Guidance is to leave the potion in situ for some time, to penetrate. I’ve found that light dust needs only a few second, whilst muddy smears require a minute or so. If in doubt, just leave it for longer rather than shorter.
You need a couple of microfiber cloths, or, at least one large enough to keep a section clean. First wipe should remove dirt, then clean cloth to buff. Behind this is the way microfiber lifts dirt away from the surface. Any one will do, but Muc-Off do offer their own version.
What is lighter grime etc? More of that later.
I’ll admit to being a tad sceptical about the Waterless Wash. I guess that growing up with cleanliness next to godliness required lots of soap and water and that combination is etched on my mind.

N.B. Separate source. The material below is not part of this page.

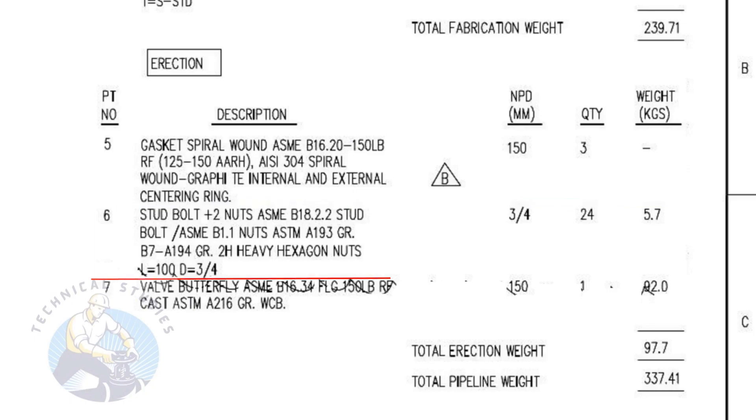Item number six is stud bolts with two numbers heavy duty nuts and washers. The stud length is 100 millimeters and the diameter is 3/4 inch. The quantity is 24 numbers. Item number seven is a cast iron butterfly valve. The quantity is 1.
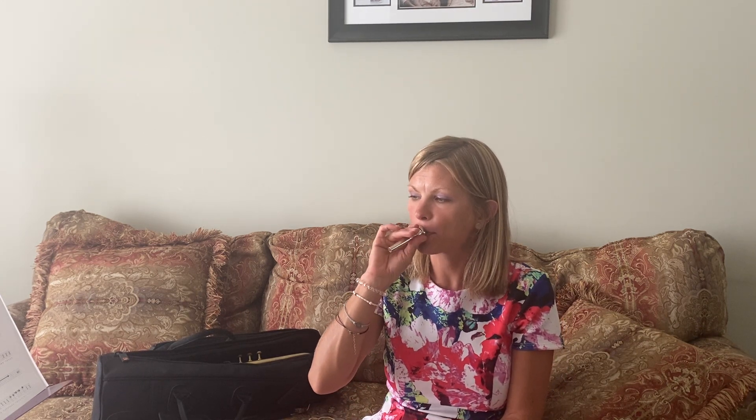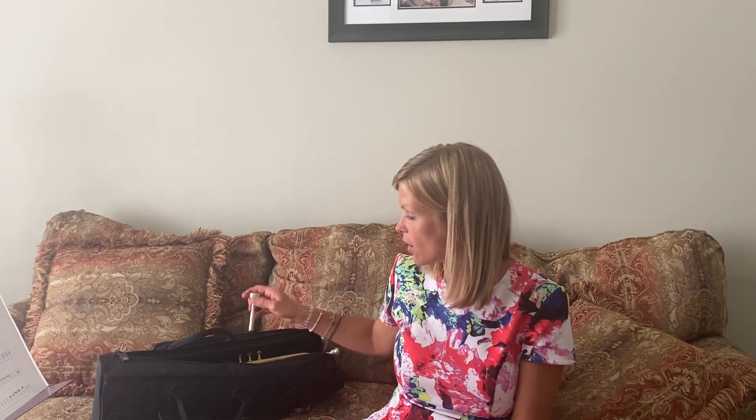Just like that. Try it again — inhale and buzz. Once you get that down, you can try to play a song on your mouthpiece — something like hot cross buns. The more you do that, the better you're going to get. Next lesson, we'll talk about making a sound on your trumpet.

Starting with my old Carlton Clubman. Mainly road use, and contaminated with no more than the grime of country lanes. So, specs of mud, flecks of dung, residue from water splatter, now all dry. That’s what I’d call light grime. I started with the alloy mud-guards (fenders, as it said on the pack, they came in. Allowing a couple of minutes for the Waterless Wash to work its magic, a single firm wipe quickly removed dirt and a smear of grease. Noticeably, some mud, encrusting the stay-bolts, stayed put. A second wipe with a clean cloth brought a nice, streak free shine.

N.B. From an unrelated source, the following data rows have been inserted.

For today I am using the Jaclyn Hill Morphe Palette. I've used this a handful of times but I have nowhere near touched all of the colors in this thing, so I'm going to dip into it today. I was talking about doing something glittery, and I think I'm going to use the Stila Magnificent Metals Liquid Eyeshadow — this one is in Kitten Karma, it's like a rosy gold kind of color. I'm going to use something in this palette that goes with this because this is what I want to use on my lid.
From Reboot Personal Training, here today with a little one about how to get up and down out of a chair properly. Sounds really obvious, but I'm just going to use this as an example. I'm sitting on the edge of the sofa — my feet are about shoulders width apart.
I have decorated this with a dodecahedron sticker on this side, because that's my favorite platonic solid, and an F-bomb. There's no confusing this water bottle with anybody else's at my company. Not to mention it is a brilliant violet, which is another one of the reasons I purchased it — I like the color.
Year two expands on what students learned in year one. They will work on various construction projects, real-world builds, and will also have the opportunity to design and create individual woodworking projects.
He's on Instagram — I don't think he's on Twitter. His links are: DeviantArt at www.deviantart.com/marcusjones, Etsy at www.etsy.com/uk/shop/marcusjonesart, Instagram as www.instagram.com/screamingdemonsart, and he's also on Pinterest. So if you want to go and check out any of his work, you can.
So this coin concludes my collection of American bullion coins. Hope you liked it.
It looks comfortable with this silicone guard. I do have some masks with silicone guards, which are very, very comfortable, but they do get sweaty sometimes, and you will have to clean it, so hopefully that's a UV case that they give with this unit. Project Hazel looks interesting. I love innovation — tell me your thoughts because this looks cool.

Similar impact on the frame, even the relatively mucky bit under the bottom bracket. I’d already degreased the chain and cleaned the chain ring from deep gunk. However, I was impressed by the reviving effect on the anodised black.
Heavier soling? Well, grime like that on the old tourer (see below) shifted a little, and went with a second squirt and wipe. Even so, the paint didn’t show up so well, so leave it to a real bucket wash or a stronger bike wash with a rinse and polish. Best maintain their stricture of light grime only to avoid scratches.

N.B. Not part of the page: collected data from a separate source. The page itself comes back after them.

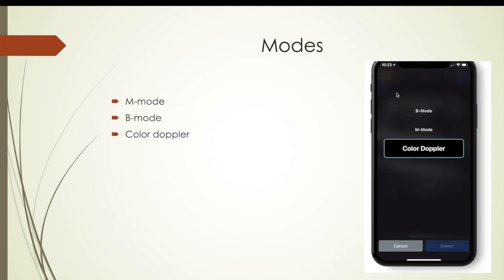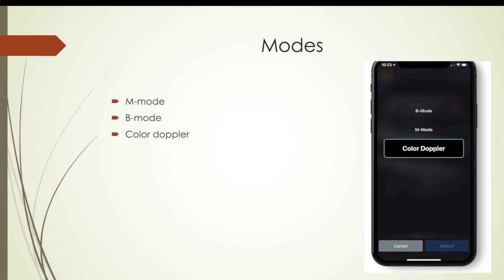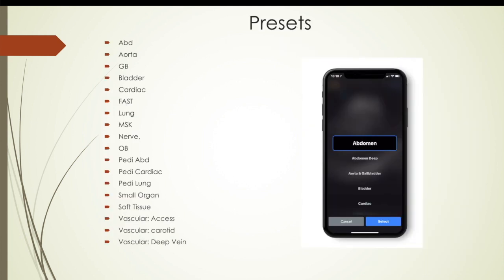It has M-mode, B-mode, and color Doppler. With one hand while using the probe, you can literally do a simple swipe of the thumb and a tap to change modes. It does all the various measurements and calculations — linear, ellipse — and you can put labels on it. I mentioned the bladder volume auto-calculation. The presets are also just a simple swipe and tap to change, making it very convenient.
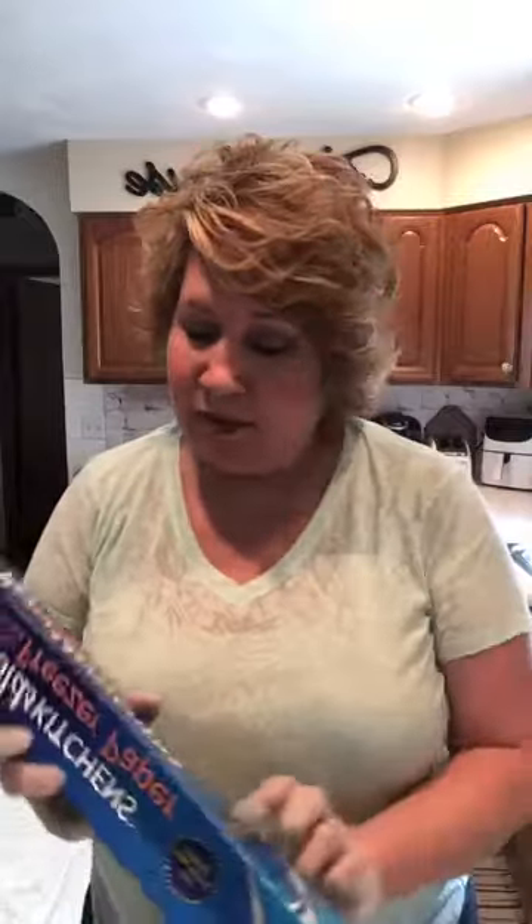Hello everybody! I'm trying to figure out Tammy's iPad and how to film this, but I think I've got it. First time on — I'm going to do a pour for y'all today and hopefully it comes out pretty good. I'll show you the supplies that you'll need.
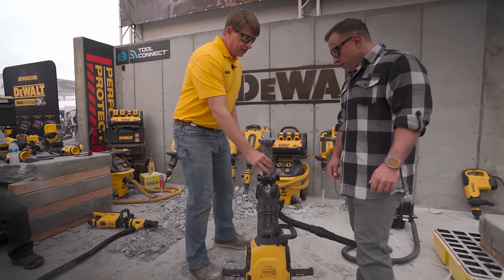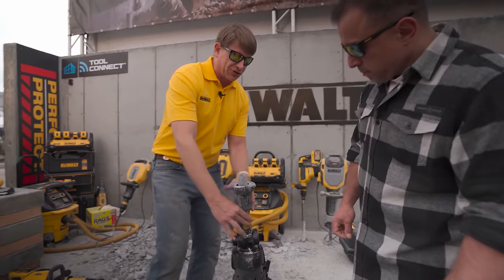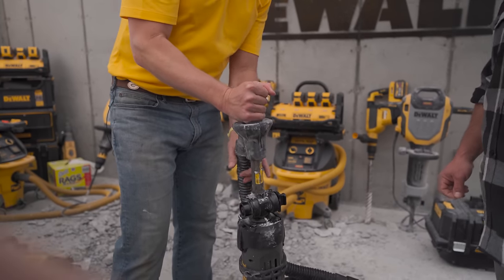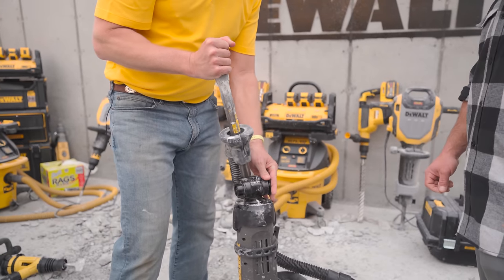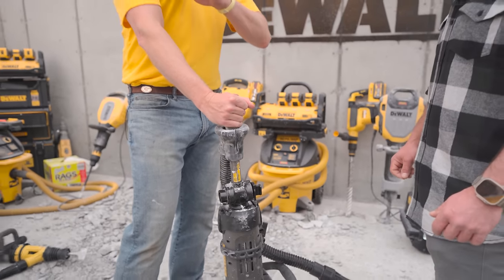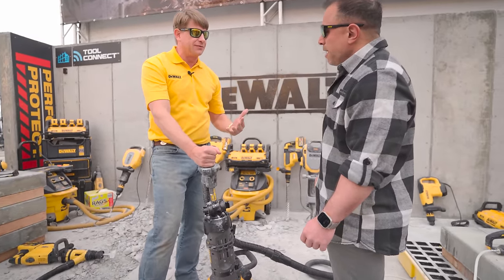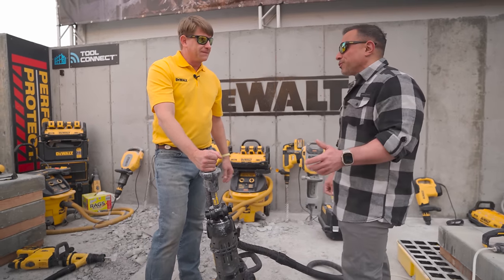When you would change a bit in the past, you'd have to get that jaw, bend it, get a hammer, bang your fingers — it's such a pain. With our new pin and collar system, you pull it out and drop it in. That's it. No more jaw, no more anything. This is the technology we built, starting at the point that really drove users crazy. Nothing slows down the job more than having to change implements and accessories.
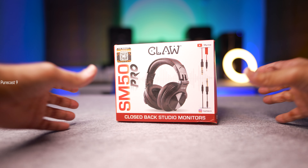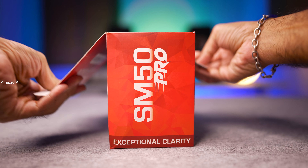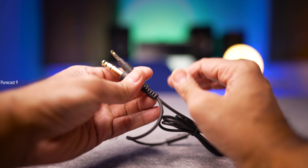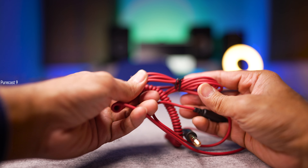Let's get in with the unboxing. The CLAW SM50 Pro comes in its usual packaging — nothing too fancy. Inside the box, you get the warranty card, a reversible 6.3mm to 3.5mm cable with mic, another reversible 3.5mm to 6.3mm coiled cable without mic, and of course, the CLAW SM50 Pro studio monitor headphones themselves.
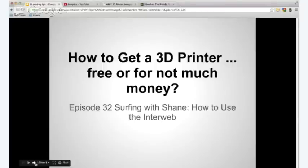This is a slide I actually made on Google Documents — you can make it for completely free, and I made a video about it, I'll post a link here so you can click on that if you want. So back to this: how do you get a 3D printer for free, or maybe for even not much money?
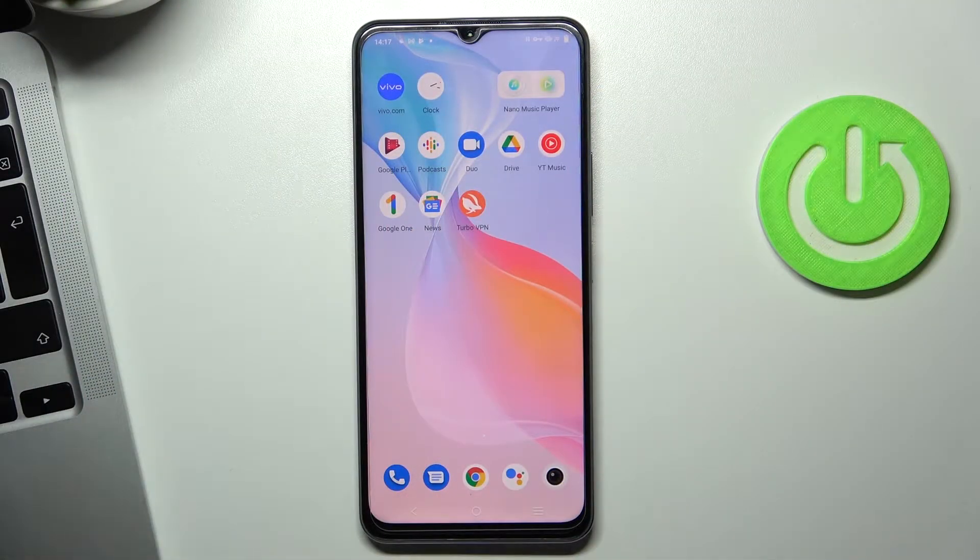Hi! Welcome to Hard Reset Info Channel, dear viewers. In this video I'll show you how to set up Nearby Share on your Vivo Y76 5G device.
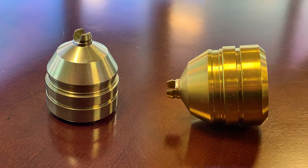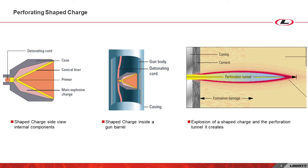The shape charge has a conical casing that shapes the explosion to fit a certain profile. The explosion will pierce through the casing, cement, and finally enter the reservoir. There are a variety of shape charges available to choose from to best fit the need of the operation.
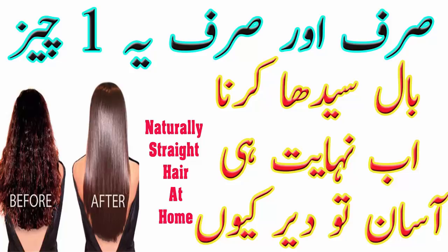आप इस mask को अपने पूरे बालों पर लगाइए। आप plastic wrap भी use कर सकते हैं और इसे फिर एक घंटे तक ऐसे ही रखिए। एक घंटे बाद बालों को हल्के गरम पानी से shampoo करके conditioner कर लीजिए। फिर अपने बालों में difference देखिए।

Light grime on the wife’s white Whyte hybrid went with a single dose and cleaned up nicely with a single buff - although it is not meant to gleam. Sent packing too, were couple of greasy marks transferred from the chain via my fingers.
Finally, the tidy tourer came up like new - well, nearly, as easy as summoning the gene from the lamp - well, nearly
Bar tape and hoods clean up nicely – without the shine – of course. Panniers, such as the UPSO Potters model – constructed of old lorry tarpaulins – shine, although the Waterless Was will not do away with the ingrained grease. I’ve tended to use Rock ‘n’ Roll Miracle Red for that.
This is a potion with limited power, but has real-world uses. It won’t push the likes of Crankalicious Mud Honey Foaming Bucket Wash off the workshop shelf. Nor will it do away with more powerful sprays, such as Pure Bike Wash. On the other hand, it really does well on those between major washes blow overs when a day on the road has left things dusty and dull: a day’s bog-cycling or gravel bashing on sodden forest tracks is not to its taste. If that is your taste it is worth every penny.
Duck Smart Smart ‘n’ Ezee, one litre of, comes in at £10 a litre: it is a real jack of all cleaning, but some feel it does not give the same almost-instant shine. Tru Tension Bike Snow Foam is considerably more expensive, and needs a bit more technique. It is recommended for frames and components, lacking wider applications.
Far from the most powerful washes, it is really handy for lighter grime.. Keeping things shiny help, too. Say, after a day on your swanky Eroica ready bling bike, when you just want to restore its natural beauty, before settling down with a beer and basking in those admiring glances – of the bike!